■ Work instructions: Copy, word for word, the line containing "Siemens S44B Meter" and each line that follows it in the entries below; pictures do not belong in the copy.

[Material provided — start]

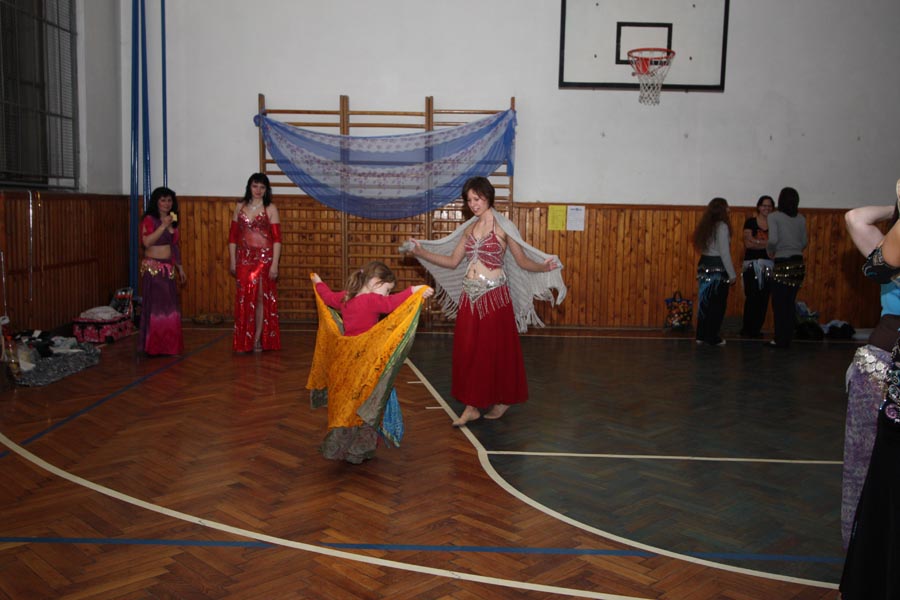 IMG_1540.jpg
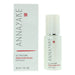 Annayake Ultratime Line-Lift Essence Serum 30ml - Skincare at MyPerfumeShop by Annayake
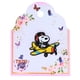 thumbnail image 1 of Pin Broche De Snoopy En Avión, 1 of 2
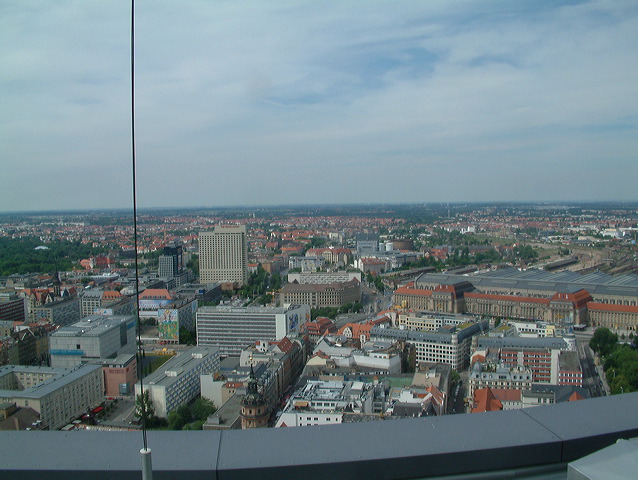 dscf0100.jpg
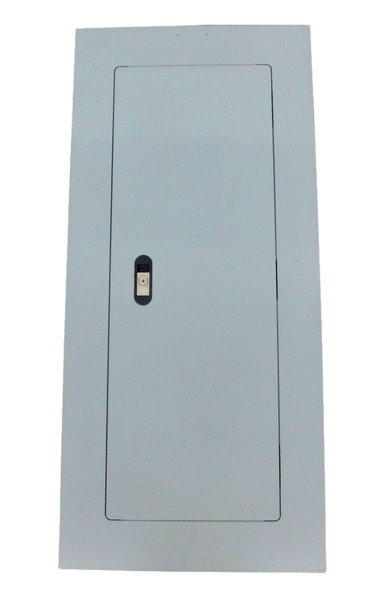 Siemens S44B Meter and Meter Socket Accessories Panelboard Door NEMA 1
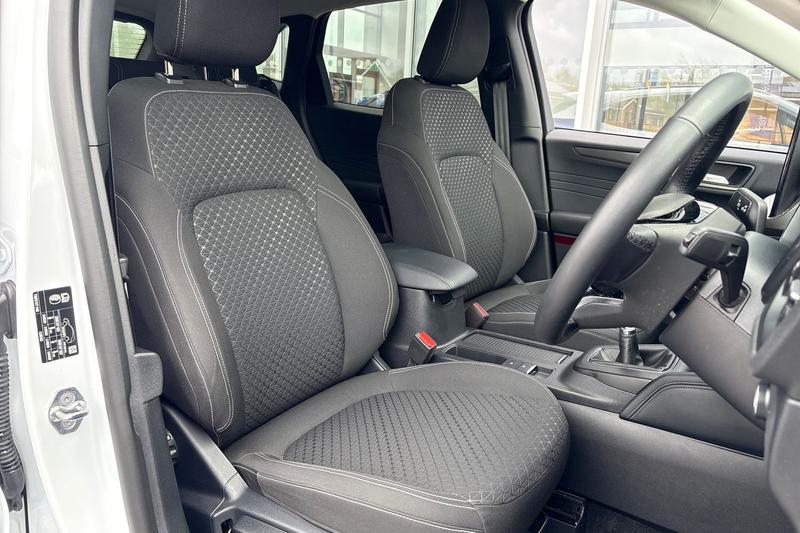 Used Ford Kuga 2024 for sale - 78133858: Photo 17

[Material provided — finish]

■ Worked solution:
 Siemens S44B Meter and Meter Socket Accessories Panelboard Door NEMA 1
 Used Ford Kuga 2024 for sale - 78133858: Photo 17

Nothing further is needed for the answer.